A new study has determined that Black people who live in counties with more Black primary care doctors have a higher life expectancy.
To conduct the study, researchers analyzed data from 1,618 U.S. counties with at least one Black primary care doctor and took snapshots at five-year intervals in 2009, 2014, and 2019, per STAT News. They found that the life expectancy of Black residents increased with the number of Black physicians found in a county.
For every 10 percent increase in Black doctors, life expectancy lengthened by more than a month. The disparity in Black and white mortality rates decreased by 1.2 percent for every 10 percent increase in Black physicians.
Notably, Black residents in counties with at least one Black physician still had longer life expectancies whether or not they were patients of these doctors. Just the presence of a Black doctor in a county “may be a marker for living in a community that better supports Black lives,” Dr. John Snyder, one of the study’s lead authors, said.

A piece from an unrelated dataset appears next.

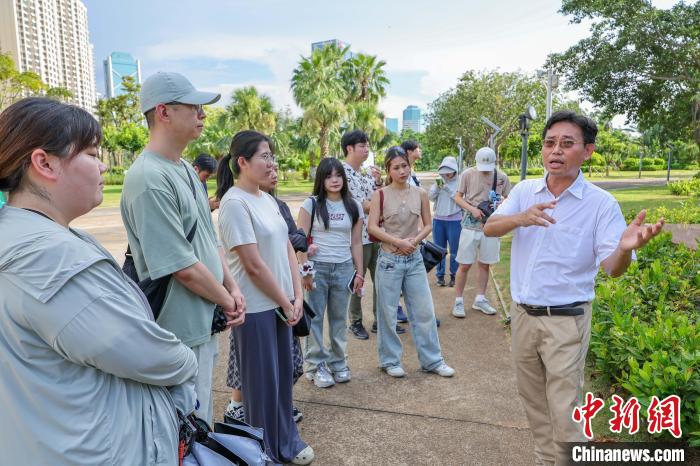 海外华裔大学生雕塑前追忆南侨机工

According to STAT, this study, which was conducted by the American Medical Association, is the first to link higher numbers of Black physicians with longer life expectancy for Black Americans.
However, the data also revealed that more than half of the counties across the nation don't have a single Black primary care physician.
“This study has brought to light the importance of Black PCP (primary care physician) representation to public health outcomes among Black populations across the US,” Dr. Monica E. Peek, a researcher at the University of Chicago Medicine, wrote. “Increasing this representation must become a multifaceted national strategy to improve health and increase equity among Black populations in the US.”